# Alternatives to RO\DI unit?



## little_clown

Just got started on this hobby, planning to move from my small tank to a bigger one.

Question, I'm placing the tank in my bedroom where the washroom is actually 3 rooms away. A RO\DI unit doesn't seem to be possible for me.

If that's the case, what's my other alternatives?


----------



## 50seven

Not sure what the problem is...

Not sure if you mean you need a bigger unit or you need more pails...

You shouldn't run your RO filter directly into your ATO if that's what you mean.

http://gtaaquaria.com/forum/showthread.php?t=19392


----------



## little_clown

I don't have any RO\DI unit right now.

I'm just running a very small tank but planning to get a bigger one.

But I don't think I can setup the new tank with Ro\DI unit because my bathroom is 3 rooms away from my bedroom. 

I'm wondering if anyone knows any alternatives to RO\DI unit.


----------



## carmenh

You can attach the ro/di to the bathroom faucet and fill a bucket in the bathroom, then move the water to your bedroom. Or you can buy the water at a store but that'll mean hauling it from more than 3 rooms away 
The filter isn't plumbed into your tank, it's a completely separate unit...


----------



## little_clown

This is what make me confused. 

I know it is good to get RO\DI unit for my tank. A lot of people made some constructions so they can have the RO\DI unit connected and mounted in their bathroom and how the water is transferred to the tank is a "?" for me now.


----------



## carmenh

You don't need to over complicate it right now, save that for later, when you really get into it  
I have a really low tech set up myself. I have the filter plumbed in my kitchen (so we can use it for drinking water as well) and I fill a bucket to move water to my salt water mixing tub (a 20g brute garbage can). If you don't want it permanently plumbed, I believe most units come with fittings that you can simply screw onto your faucet when you need water. Then take it off, put away, and haul your water back to your room...


----------



## little_clown

I'm thinking to move over to maybe a 20G tank and take as much time as possible to set it up so everything is done right.

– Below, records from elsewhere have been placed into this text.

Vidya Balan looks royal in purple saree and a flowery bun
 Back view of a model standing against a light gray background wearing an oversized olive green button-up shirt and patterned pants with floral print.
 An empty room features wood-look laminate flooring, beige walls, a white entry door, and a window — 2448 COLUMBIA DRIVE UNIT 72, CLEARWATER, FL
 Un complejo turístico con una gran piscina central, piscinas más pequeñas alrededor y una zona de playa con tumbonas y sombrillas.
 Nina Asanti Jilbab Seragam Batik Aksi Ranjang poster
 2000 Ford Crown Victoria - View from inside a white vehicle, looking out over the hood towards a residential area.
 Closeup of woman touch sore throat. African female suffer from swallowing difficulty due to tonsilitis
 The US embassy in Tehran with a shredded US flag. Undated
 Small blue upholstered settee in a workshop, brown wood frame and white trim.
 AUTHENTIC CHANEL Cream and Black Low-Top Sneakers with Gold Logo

I was told that a RO\DI is almost a must for good water for the tank. I totally agree, but I'm a bit confused about the setup of this unit. I was having a false thought that I need this unit connected to the tank. So it's not eh?

So the RO\DI unit is to provide good water for water change only?

Sorry for asking stupid questions


----------



## carmenh

Doesn't need to be connected to the tank at all, just needs to provide water for changes (salt mix added) and top ups (no salt). As far as getting the water from the tap, through the filter, and into your tank and mixing container, it's all a matter of personal preference and individual set-up...
IMHO yes, using ro/di water will give you a big advantage over using treated tap water...
Your questions are not stupid at all, the subject baffled me, too, when I started looking into it  And I have an oddball set-up now, so I'm still not 100% aware of how other people do it.
Everyone's a beginner at first


----------



## little_clown

Thanks so much for your great info!! 

Do you know approx. how long it takes to setup a 20G tank?

I don't think I will be getting everything ready until x'mas time because of the research part... 

However I've booked my trip to be away for 3 weeks in Feb, so I can leave the tank cycling itself for that 3 weeks, right?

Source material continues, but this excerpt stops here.